Savage Worlds goes in a different direction than D&D 5, with combat meaning less and all actions taking on an equal level of importance in regards to story completion and advancement. Conversions of modules from Pathfinder, OGL games, and D&D 5 to Savage Worlds typically eliminate encounters meant to "level up" the party and focus more on tasks, social encounters, and roleplaying. D&D 5, in comparison, is the more 'video game' and 'XP and loot' type experience, where Savage Worlds is the more the story-based experience.

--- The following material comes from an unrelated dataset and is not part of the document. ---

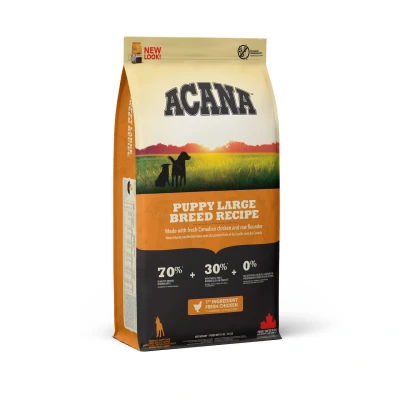 Abbildung von 17 kg Acana Puppy Large Breed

There Comes a Point...When you don't have the time to invest in heavy games anymore. It is happening to us, and I have this feeling Bestiary 5 and Ultimate Intrigue will be the last Pathfinder books we will buy for a while. I love the world, I love the mod-able-ness, I love the art, and I love the system, but enough is enough. I can't run this much, and I can't manage this much complexity anymore. If I play, it will be with a subset of books, but even then I question if investing myself in a reduced subset of that complexity will be worth the payout. Learning and mastering a simpler game at this point may give us more bang for the gaming buck.
Even the new Star Wars RPG still feels bloated to us, and we've reduced the game to the base three books. It is the problem with everything being a heavy game, you want to play them all, but one person really can't master and maintain interest in this many large games. They makes these games complex with the theory of system mastery so you won't leave for another game, and then when you collect too many of them, everything in your gaming world collapses under the weight of complexity.

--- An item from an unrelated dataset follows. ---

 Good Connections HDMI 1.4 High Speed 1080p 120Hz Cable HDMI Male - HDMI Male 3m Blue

OGL games are cool, and they "get there from here" in terms of providing a dungeon experience for the complexity and time spent learning them. Savage Worlds is also cool and simple, and covers so many genres that it is worth learning because the payout in "fun for time" is very high. D&D 5 is interesting, but we haven't had the time or interest to put into it as much as I'd hoped, plus the OGL games do a good job at the dungeon and loot experience anyways so we haven't had much pressure to jump in.
In our group and for our time, Pathfinder, Shadowrun, and the new Star Wars RPG feel like the losers here. We don't have the time to put into and enjoy them as we would like, and something has to give. When you need to make choices, you typically start throwing the heavy systems overboard first (or you stick with one heavy system and throw out everything else). This isn't to say they aren't deep and fun games, it is just the complexity and time needed to put in to enjoy them fully is very high.
I will probably reorganize my shelves to reflect the new order, and focus on what is right for our group. This is also a consideration when you design a game, do you want it to be so complex that is pushes out other systems, or do you want it to be rules-light and easily accessible? I don't think many games nowadays can compete with the big heavy-hitters out there, so writing a large and complicated game will put you at a disadvantage of competing for attention of players and also being pushed off a shelf due to the heavy nature of your rules.
We do have a lot of large, complicated games sitting in boxes because we don't have the time or mental space to run them (Rifts, GURPS, and others). I feel bad about a couple more being on their way to storage, but really, what can we do? It is best to focus on the games you love, and the ones you have time for, rather than so many you are unhappy you don't have the time and mental effort to play them all.